EDUARDO VARGAS MONTENEGRO | El Nuevo Siglo
Domingo, 27 de Noviembre de 2011

 

La vida como escuela
 
Todos somos estudiantes. No hay que estar inscrito en algún programa de educación formal, no formal o informal, con un cierto período de tiempo y alguna secuencia. Tampoco se precisa de condiciones particulares, sean estas sociales, económicas, sexuales, políticas, religiosas o de cualquier otra índole. Somos estudiantes, aprendices, todo el tiempo. La vida misma es la mayor aula de clase, y todas y todos estamos matriculados en ella. La matrícula se da antes de nuestra encarnación y quedamos inscritos en el curso de la vida, con todo lo que trae.
En ocasiones solemos discriminar cursos ajenos y creemos que en el que estamos es el correcto. Esto en el nivel macro tiene que ver con la lucha de ideologías y todos los ‘ismos’ que surgen en las sociedades, a manera de neurosis colectivas. En el nivel micro, de la cotidianidad, se manifiesta en la falta de comprensión de unos a otros y en los privilegios que entregamos por puro gusto. Si comprendiésemos que cada quien está matriculado en su curso y aprende lo que le corresponde, de la manera que le corresponde, otro gallo cantaría.
Por ejemplo, el curso de una persona incluye el matrimonio: es en esa unión consagrada -con ritual o sin él-, que la persona puede aprender las lecciones de la escuela de la vida, desde tolerancia y respeto, hasta negociación y concertación. 
El matrimonio no es siempre un lecho de rosas, aunque por supuesto también puede serlo. Pero la convivencia no es fácil e implica mucho esfuerzo, el correspondiente a ese curso. 
Hay personas en otros cursos, de otras maneras de relacionarse, así que pasan por diferentes rupturas, se divorcian o eligen una vida de solteros. En esos cursos se dan otras dificultades, tan válidas y necesarias como las que se dan en el matrimonio. Unos estudian para ser físicos, otros para pintores, ambos oficios tan necesarios como maravillosos.

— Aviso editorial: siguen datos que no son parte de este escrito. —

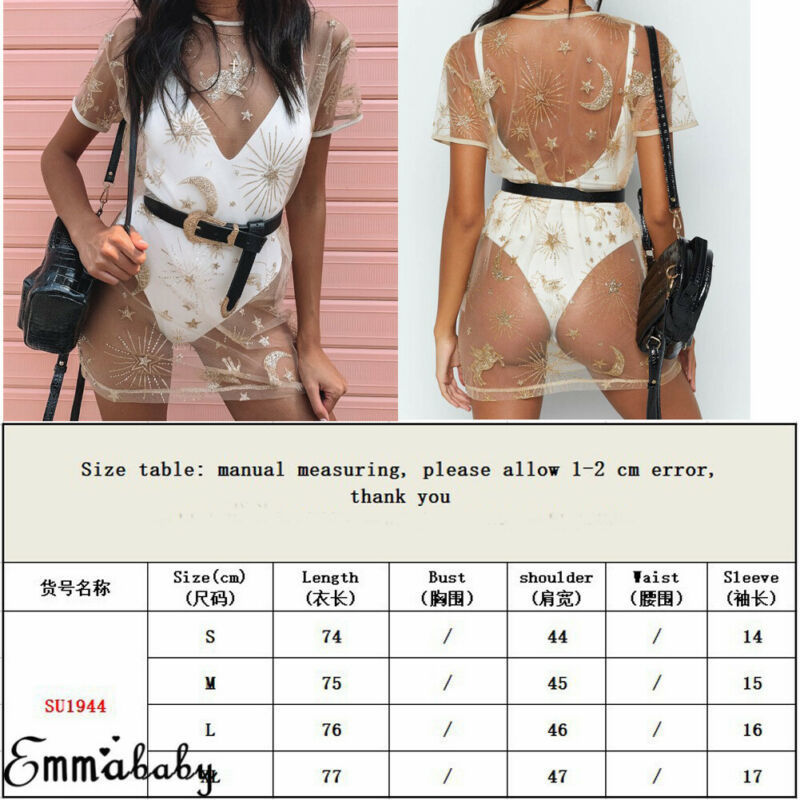 Urban Sexy Dresses Casual Dress Womens Gold Sequin Moon Star Print Mesh Mini Dress Bikini Cover Up Summer Sexy Short Sleeve Dress Clubwear 230713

La vida es entonces una gran aula de clase. Como en todos los procesos de aprendizaje, los seres humanos cometemos errores para aprender de ellos. Por eso hay actos de abuso, corrupción, mentira, dolo. A veces somos rápidos para señalar el error ajeno, y un poco más lentos para reconocer el propio. No sólo rápidos, sino implacables, pues olvidamos que todas y todos somos compañeritos del kínder de la existencia. Si comprendiésemos que los errores nos permiten aprender, nos apoyaríamos cuando cometemos errores, o por lo menos miraríamos la paja en nuestro propio ojo. Probablemente de este error también podemos aprender, reconociendo que los errores son inherentes al aprendizaje y que en la medida en que subsanemos las equivocaciones propias y seamos compasivos con las ajenas, el aprendizaje será colectivo. Podemos hacerlo.